Maybe I shouldn't really say this, since I blog about clothes and style, but the truth is I never bothered much about clothes and fashion. I used to just take anything from my wardrobe without giving much thought to it, if it looked good or if things matched. I never spent much time shopping and I certainly did not spend my allowance on clothes or accessories. In fact, spending money on clothes always felt very difficult to me. I guess I though it was superficial. Maybe that's the reason why, even when I started to worry a bit more about how I looked, I hang on to some pieces I didn't really like because I didn't want to spend money on new clothes.

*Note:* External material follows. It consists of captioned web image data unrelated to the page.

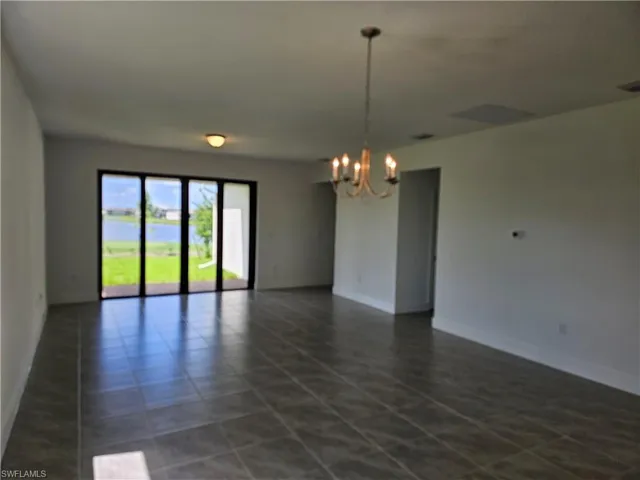 Empty room with a chandelier, dark tile patterned floors, and a water view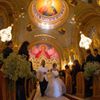 Moshar, who is of Persian, German and Filipino descent, walks down the aisle with her new husband Safar, whose parents are from Syria, at their wedding in Saint Sophia Greek Orthodox Cathedral in Los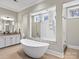 Modern bathroom showcasing a soaking tub, separate shower, and double vanity with granite countertops at 1238 Ladera Dr, Waxhaw, NC 28173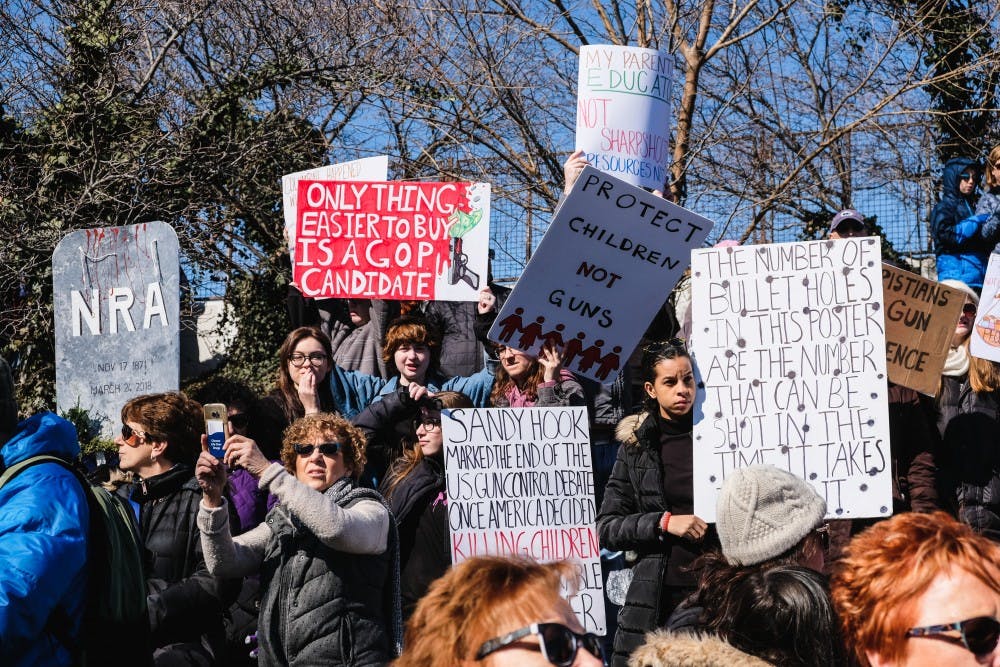 The most powerful signs from Philadelphia's March for Our Lives The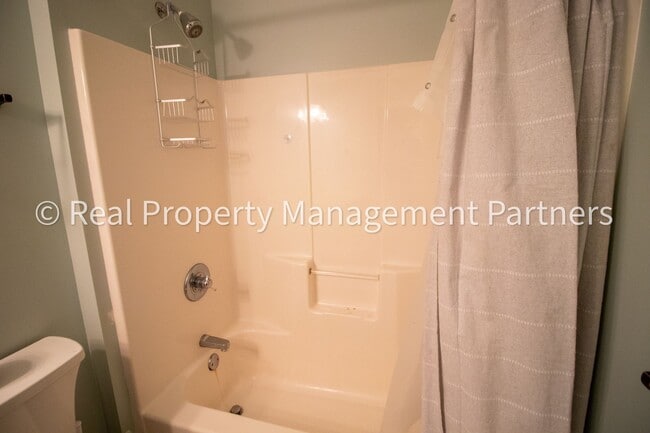 Building Photo - Spacious 3BR Townhome in Lowell | Nature Views & Maintenance-Free Living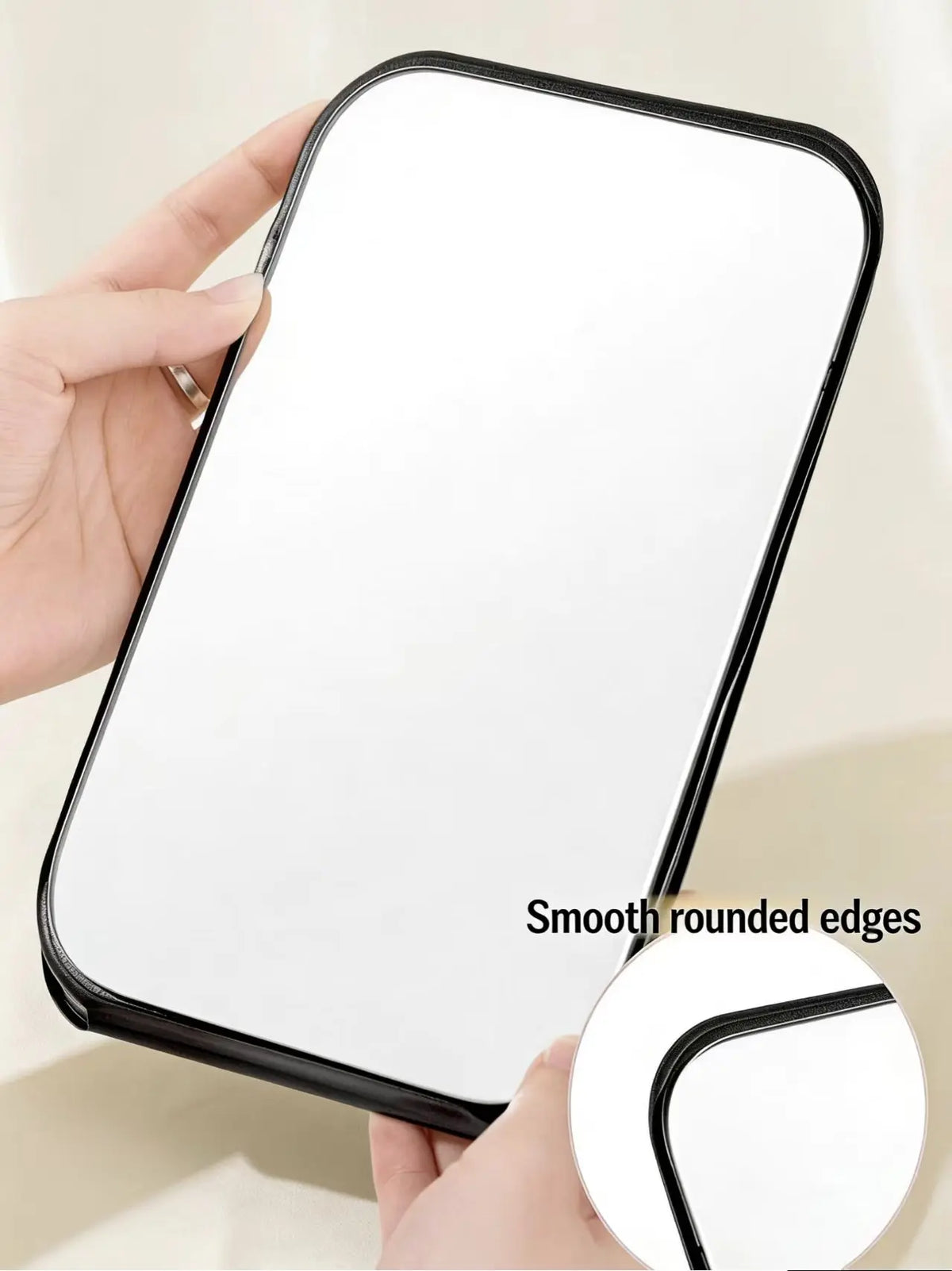 A hand holds a white foldable vanity mirror with smooth rounded edges, showing its design.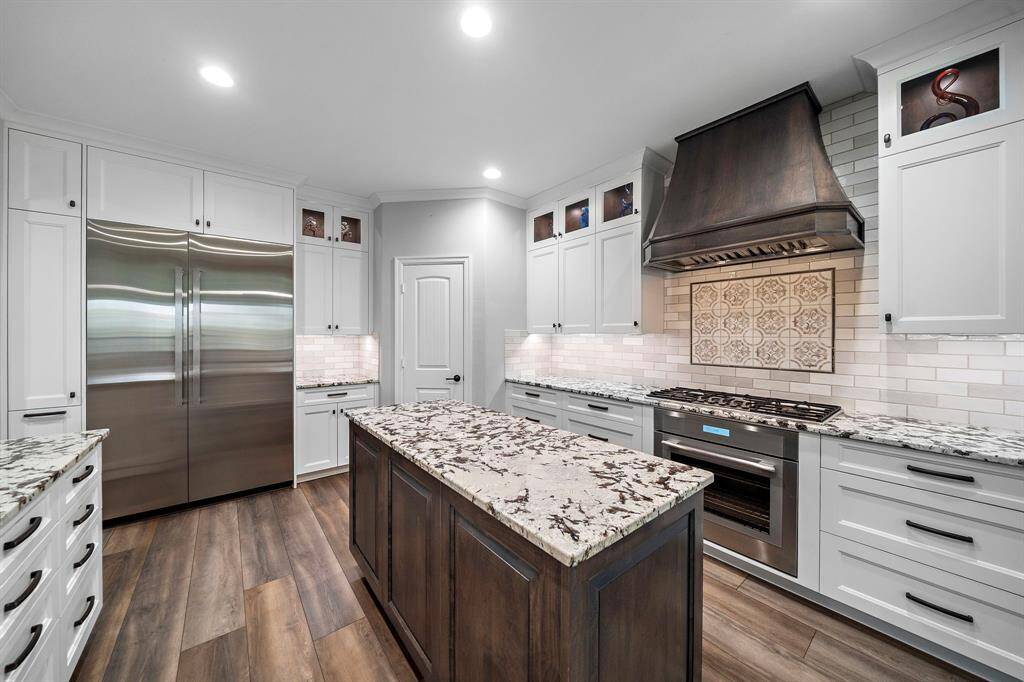 Flush-mount top of the line Thermador appliances + oversized 48" JennAir fridge (yes, it stays!) Statement custom vent hood crafted by hand, paired with commercial-grade ventilation to keep your kitchen cool.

Worst, when I did start becoming somewhat interested in clothes I just ended up really frustrated. I remember having teenage tantrums because I hated everything in my wardrobe and had nothing to wear.
It's funny how some things change us quite suddenly. Even though I had already noticed the correlation between what I wore and how I felt, it was only ofter a particularly hard breakup that I decided to really focus on myself. That's when I decided my exterior image deserved to mirror how I felt inside - stronger, more confidant and young. The truth is, if I dressed well and took care of myself, I felt even better. Like I could take on the world.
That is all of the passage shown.